* [Records to use]

.....

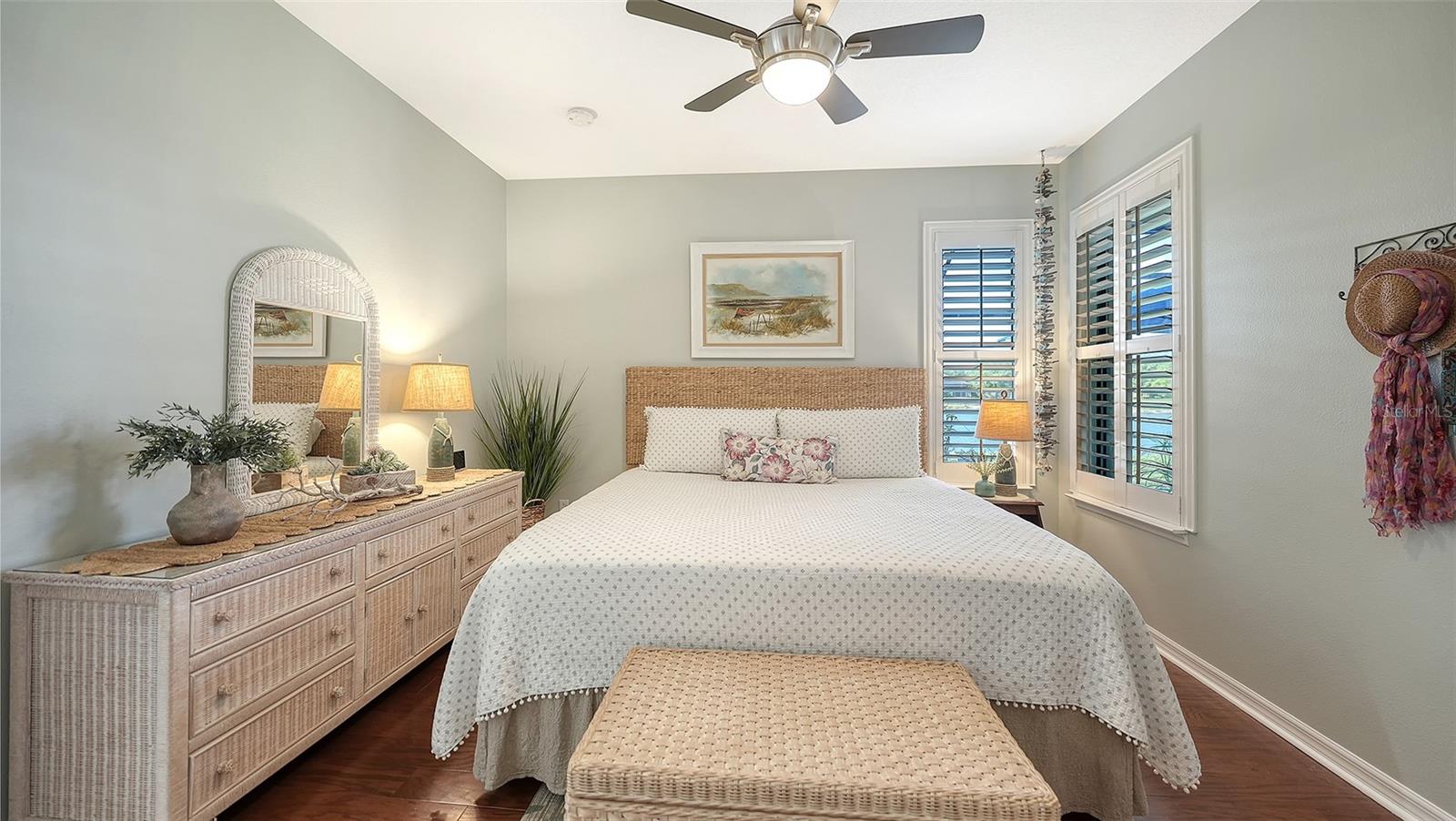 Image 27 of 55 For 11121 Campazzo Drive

.....

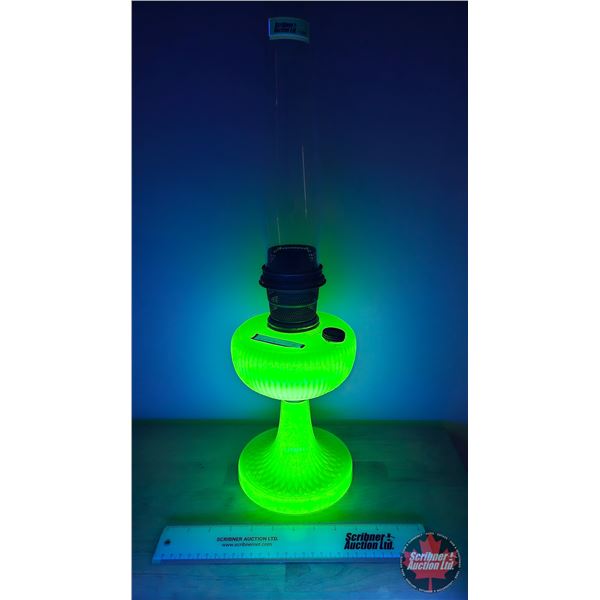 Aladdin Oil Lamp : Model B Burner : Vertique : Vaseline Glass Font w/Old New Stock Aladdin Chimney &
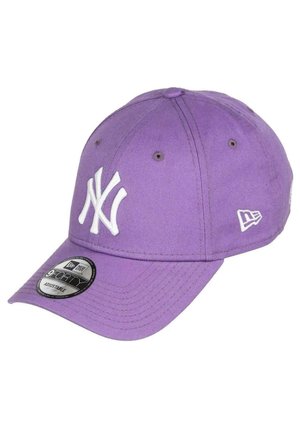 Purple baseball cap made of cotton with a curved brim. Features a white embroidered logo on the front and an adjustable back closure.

.....

* [Exercise directions] The reply should hold the entries above from the line with "Aladdin Oil Lamp" to the line with "Purple baseball cap", duplicated exactly, pictures excluded.

* [Answer section]
 Aladdin Oil Lamp : Model B Burner : Vertique : Vaseline Glass Font w/Old New Stock Aladdin Chimney &
 Purple baseball cap made of cotton with a curved brim. Features a white embroidered logo on the front and an adjustable back closure.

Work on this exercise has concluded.